Lily Carter did not reply but only began to back slowly up the driveway, her eyes large and fascinated. Not afraid. Just . . . interested.
“That would be Lily’s mother,” Manx said. “I have made a study of little Lily Carter and her mother. Her mother works nights tending bar in a roadhouse near here. You know about women who work in bars.”
“What about them?” Bing asked.
“Whores,” Manx said. “Almost all of them. At least until their looks go, and in the case of Lily Carter’s mother they’re going fast. Then, I’m afraid, she will quit being a whore and turn to being a pimp. Her daughter’s pimp. Someone has to earn the bacon, and Evangeline Carter doesn’t have a husband. Never married. Probably doesn’t even know who knocked her up. Oh, little Lily is only eight now, but girls . . . girls grow up so much faster than boys. Why, look at what a perfect little lady she is. I am sure her mother will be able to command a high price for her child’s innocence!”
“How do you know?” Bing whispered. “How do you know all that will really happen? Are you . . . are you sure?”
Charlie Manx raised an eyebrow. “There’s only one way to find out. To stand aside and leave Lily in the care of her mother. Perhaps we should check back on her in a few years, see how much her mother will charge us for a turn with her. Maybe she will offer us a two-for-one special!”
Lily had backed all the way to the porch.
From inside, her mother shouted again, her voice hoarse, angry. It sounded to Bing Partridge very like the voice of a drunk with a hangover. A grating, ignorant voice.
“Lily! Get in here right now or I’m givin’ your eggs to the damn dog!”
“Bitch,” Bing Partridge whispered.
“I am inclined to agree, Bing,” Manx said. “When the daughter comes with me to Christmasland, the mother will have to be dealt with as well. It would be better, really, if the mother and the daughter disappeared together. I’d rather not take Ms. Carter with me to Christmasland, but perhaps you could find some use for her. Although I can think of only one use to which she is really suited. In any event, it is no matter to me. Her mother simply cannot be seen again. And, when you consider what she will do to her daughter someday, if left to her own devices . . . well, I won’t shed any tears for her!”
Bing’s heart beat rapidly and lightly behind his breastbone. His mouth was dry. He fumbled for the latch.
Charlie Manx seized his arm, just as he had done when he was helping Bing across the ice in the Graveyard of What Might Be.
“Where are you going, Bing?” Charlie asked.
Bing turned a wild look upon the man beside him. “What are we waiting for?
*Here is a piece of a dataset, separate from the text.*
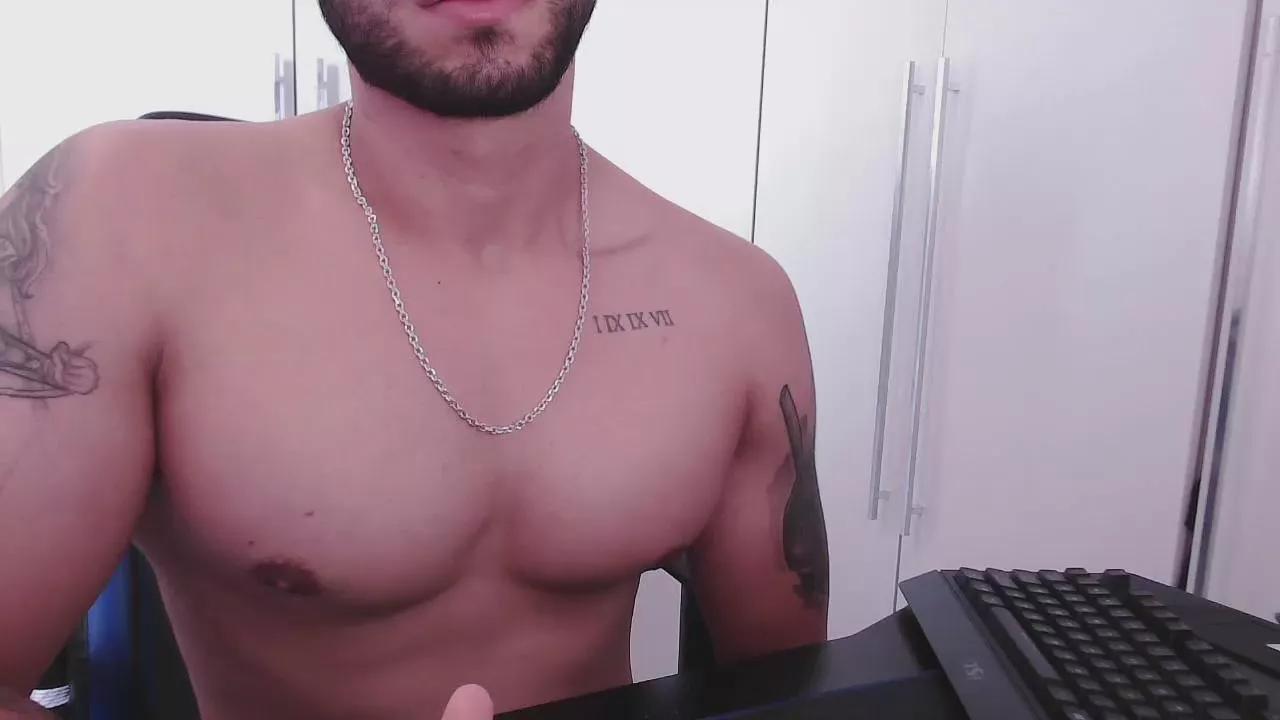 SuperBoyG on Cam4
Let’s go in there. Let’s go in right now and save the girl!”
“No,” Charlie said. “Not now. There are preparations to make. Our moment will come, soon enough.”
Bing stared at Charlie Manx with wonder . . . and a certain degree of reverence.
“Oh,” Charlie Manx said. “And, Bing. Mothers can put up an awful racket when they think their daughters are being taken from them, even very wicked mothers like Ms. Carter.”
Bing nodded.
“Do you think you could get us some sevoflurane from your place of employment?” Manx said. “You might want to bring your gun and your gasmask, too. I am sure they will come in handy.”